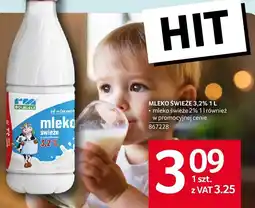 Selgros Mleko świeże 3,2% Selgros oferta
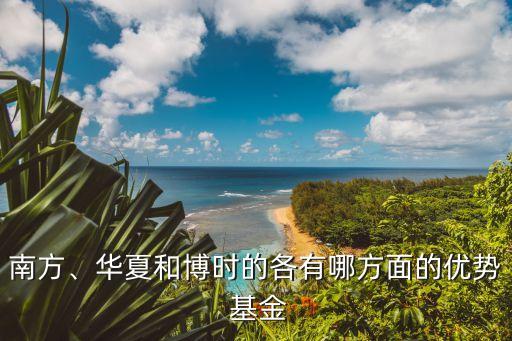 南方、華夏和博時(shí)的各有哪方面的優(yōu)勢 基金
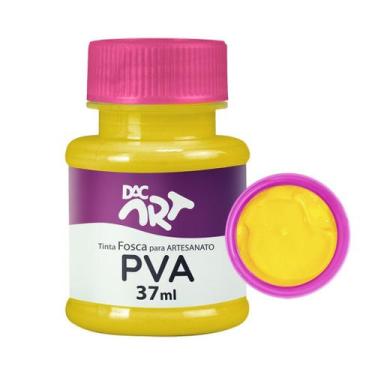Imagem de Tinta PVA Fosca 37ml Dac -, Amarelo Ouro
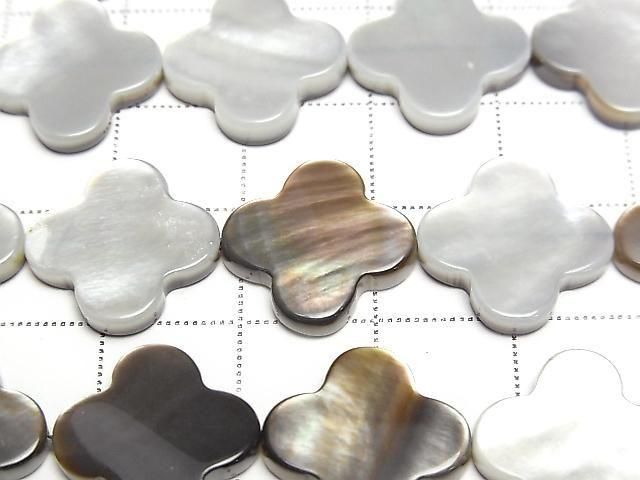 [Video] Black Shell AAA Flower Motif 15x15x3mm 1/4 or 1strand beads (aprx. 15 inches/37 cm)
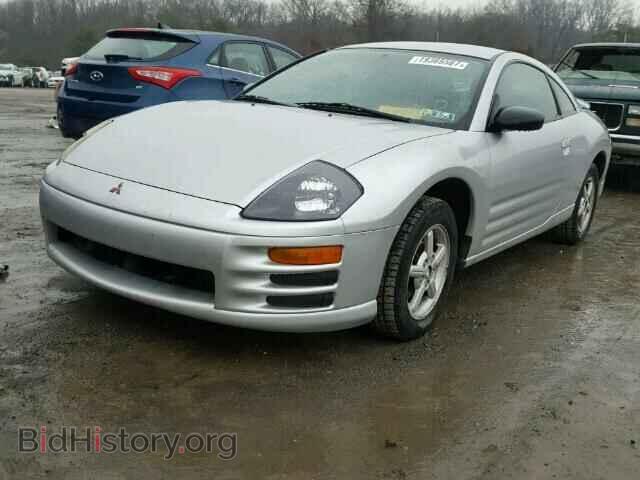 2001 MITSUBISHI ECLIPSE - VIN: 4A3AC34G01E181011 - Фото 2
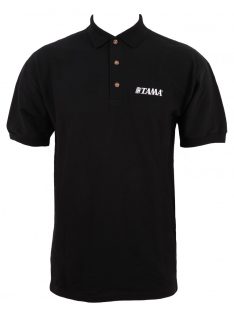 Tama elegáns poló fekete színben TP14-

::::::::::

Work item:
Restate every line of the listing exactly. Pictures are not part of the copy.

Response for this exercise:
 Selgros Mleko świeże 3,2% Selgros oferta
 南方、華夏和博時(shí)的各有哪方面的優(yōu)勢 基金
Imagem de Tinta PVA Fosca 37ml Dac -, Amarelo Ouro
 [Video] Black Shell AAA Flower Motif 15x15x3mm 1/4 or 1strand beads (aprx. 15 inches/37 cm)
 2001 MITSUBISHI ECLIPSE - VIN: 4A3AC34G01E181011 - Фото 2
 Tama elegáns poló fekete színben TP14-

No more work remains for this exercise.